Dissolution Incubations and Analysis: Following determination of percent cover of periostracum, we incubated each mussel valve in a sealed 250 mL Nalgene bottle filled with modified seawater for 48 hours in a temperature-controlled room, recording seawater properties in each bottle before and at the end of each incubation, including temperature, salinity, and pH (Yellow Springs Instruments Professional Plus Sonde). YSI sonde pH values were calibrated to the total scale based on pH spectrophotometric measurements of m-cresol dye absorbance at the incubation temperature. Incubation bottles were agitated gently once every 8 hours over the course of the incubations to reduce the establishment of strong chemical gradients of their fluid contents. We took discrete seawater samples at the onset and end of each incubation for determination of total alkalinity concentration (TA); these “before-after” measurements of TA enabled quantification of the increase in alkalinity within each bottle over the duration of the incubation, and thereby the rate of dissolution of calcium carbonate (CaCO₃) shell material for individual valves of known periostracum cover. Shell dissolution rates were quantified using standard alkalinity anomaly techniques (analyzing seawater samples in triplicate and selecting median TA for dissolution quantification), which relate calcium carbonate shell loss to an increase in the total alkalinity (TA) of surrounding seawater, per unit time. Across the dissolution trials, control incubations (15% of daily sample size) of modified seawater were conducted to verify minimal background changes in TA.

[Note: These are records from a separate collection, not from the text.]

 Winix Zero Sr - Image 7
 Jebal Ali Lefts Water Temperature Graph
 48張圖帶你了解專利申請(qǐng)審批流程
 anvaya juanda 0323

Data analysis: We performed computations with R statistical software, RStudio version 2023.06.2. We performed carbonate system calculations using the package seacarb. We analyzed the influence of periostracum cover on CaCO₃ shell dissolution in M. californianus adults for trials at pH = 7.5 using a multiple effects linear model where dissolution rate was normalized to shell surface area (mm²) to account for variations in shell size. Normalized dissolution rates were square root transformed to meet linearity requirements for normally distributed residuals. We used backward stepwise model selection using F test significance as the criteria for omitting terms, resulting in a final model that employed both percent periostracum cover and valve length as fixed predictors. Throughout model selection tests, trial date did not significantly explain variability as a random effect so was omitted. Model residual homoscedasticity was verified using a Breusch-Pagan test (BP = 1.0525, df = 2, p-value = 0.5908), and assumptions of linearity and additivity were assessed visually using model residual and QQ-plots.

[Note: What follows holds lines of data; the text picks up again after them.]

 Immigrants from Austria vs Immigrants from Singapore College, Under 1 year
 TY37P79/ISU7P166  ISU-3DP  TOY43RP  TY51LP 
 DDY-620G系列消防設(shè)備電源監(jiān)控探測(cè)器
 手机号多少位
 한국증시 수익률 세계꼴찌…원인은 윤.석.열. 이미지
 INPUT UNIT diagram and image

Additionally, we used a separate multiple effects linear model across the two additional pH levels (pH = 7.4, 7.7) to assess how seawater pH independently affects patterns of dissolution. Here, we included pH as a numerical fixed predictor, alongside periostracum cover. Due to a constrained sampling size and narrow range of shell lengths (52 mm ± 4 mm SD), shell length was not included as a fixed predictor in this model in order to conserve degrees of freedom. Normalized CaCO₃ dissolution rate was again square root transformed, and backward stepwise model selection was used to estimate the significance of fixed predictors. A Breusch-Pagan test confirmed residual homoscedasticity (BP = 3.5024, df = 3, p-value = 0.3204), and other assumptions were assessed visually as before.